Published by Anonymous (not verified) on Wed, 28/02/2024 - 1:25am in

Former Unite head says he felt uncomfortable testifying against his old union and didn’t want to be critical of successor Sharon Graham – but testimony to employment tribunal in discrimination case was still explosive

Len McCluskey did not want to be photographed as he left the WRC in Dublin

Long-time former Unite general secretary Len McCluskey testified to the Irish Workplace Relations Commission (WRC) in Dublin today in union legend Brendan Ogle’s discrimination case against the union now run by Sharon Graham. Despite McCluskey’s obvious discomfort having to testify against his old union and his expressed determination not to speak critically of his successor, his testimony was infused with explosive criticism nonetheless. McCluskey was not thrown off course by hostile questioning from the union’s expensive legal team from Dentons, the world’s largest law firm, which has been engaged by Graham and Unite for both the tribunal and Ogle’s separate defamation claim. The adjudicator in the case is former war-crimes prosecutor Elizabeth Spelman.

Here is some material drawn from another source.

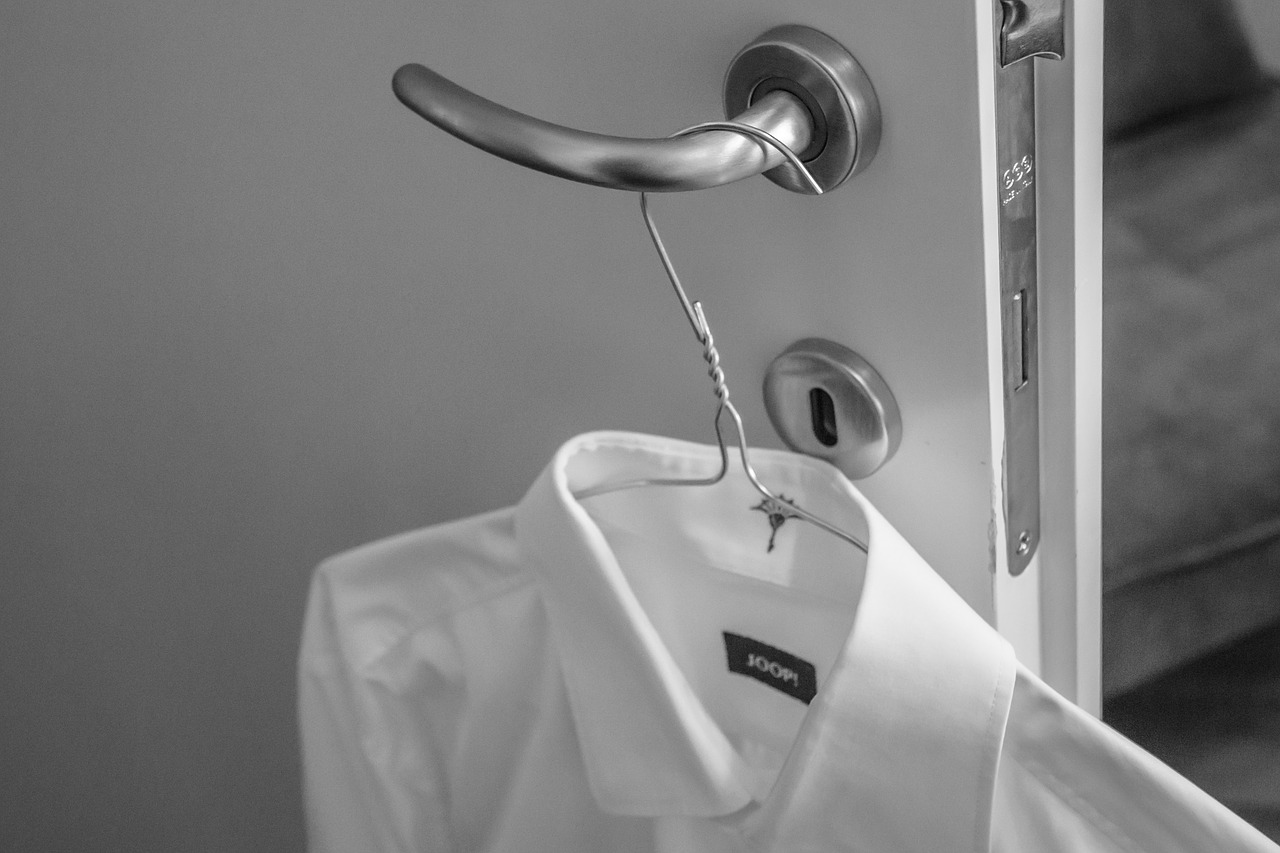 Белая рубашка на плечиках на ручке двери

Unite’s lawyers tried to portray McCluskey’s insistence – that Unite was always going to keep Ogle on full pay if he was able to return to work from treatment for life-threatening cancer, regardless of the duties he was able to carry out – as somehow outlandish. In a bristly cross-examination, McCluskey told the tribunal he was astonished that anyone would contend that it was bizarre not to want someone to be penalised for being ill and that such a matter of basic decency was part of the ‘union’s culture when I was general secretary’.

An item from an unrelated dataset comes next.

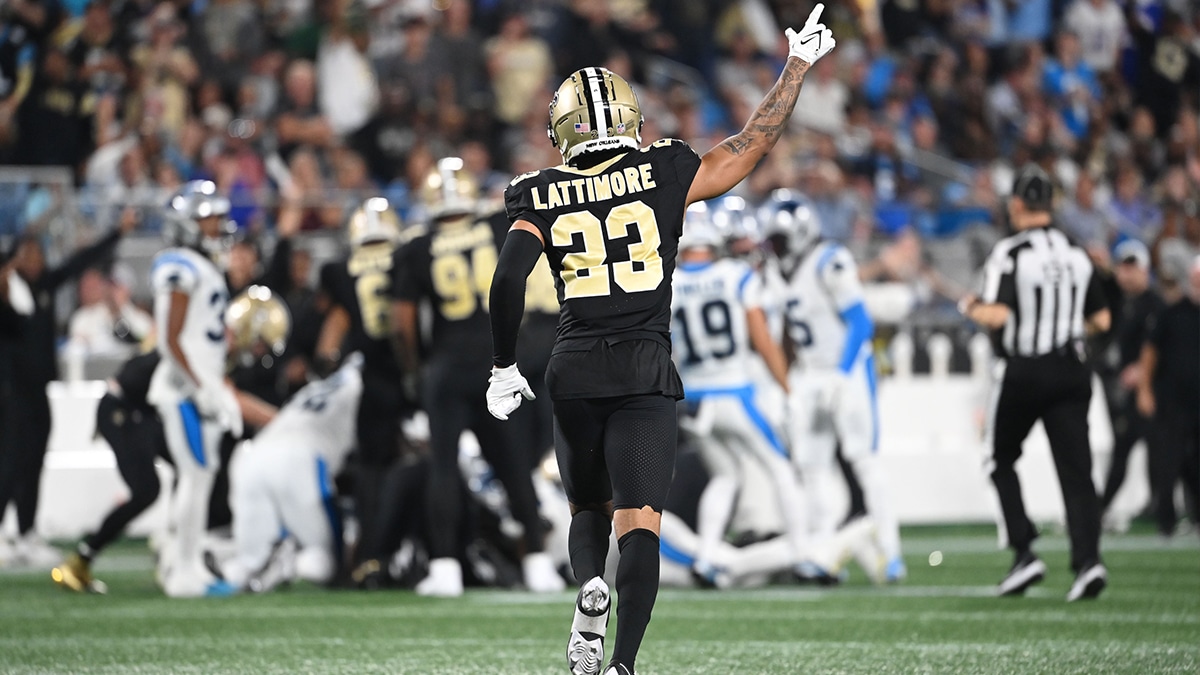 New Orleans Saints cornerback Marshon Lattimore (23) signals a turnover by Carolina Panthers in the second quarter at Bank of America Stadium.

Sharon Graham has been heavily criticised among union members and activists in the union – and by more than one Irish politician – for Unite’s treatment of Brendan Ogle, one of and perhaps the highest-profile and effective union figures in Ireland. Ogle, who backed Howard Beckett rather than Graham during the last Unite general secretary election, returned from successful cancer treatment expecting to take up his old duties, but was ‘sidelined’ to a lesser position in Dundalk, over fifty miles from his Dublin base. The situation caused such outrage that union members picketed Graham’s long-delayed visit to Dublin, Unite’s Community section condemned it as ‘disgusting’ and a whole sector branch threatened to disaffiliate.

Unite’s lawyers claimed the union’s policy was to ‘red-ring’ the salaries of ill employees for two years only, but McCluskey said that this had not been Unite’s practice when he was in charge. The union’s legal team also tried to claim that Ogle’s position had been created specifically for him, presumably implying that this was some kind of ‘grace and favour’ position, but McCluskey angrily rejected this, pointing to the union’s changes in Ireland during its disaffiliation from the Irish Labour party over the party’s support for austerity, the organisational changes this necessitated, and the extensive approval of Unite’s executive for the need for such a position and for Ogle’s appointment as the most suitable candidate by a distance.

McCluskey told Skwawkbox that he felt very uneasy testifying against the union he and his team had built, but had been forced to do so because Unite had included claims about him in its submissions to the tribunal in the case.

Ogle’s testimony began this afternoon but is expected to continue into tomorrow.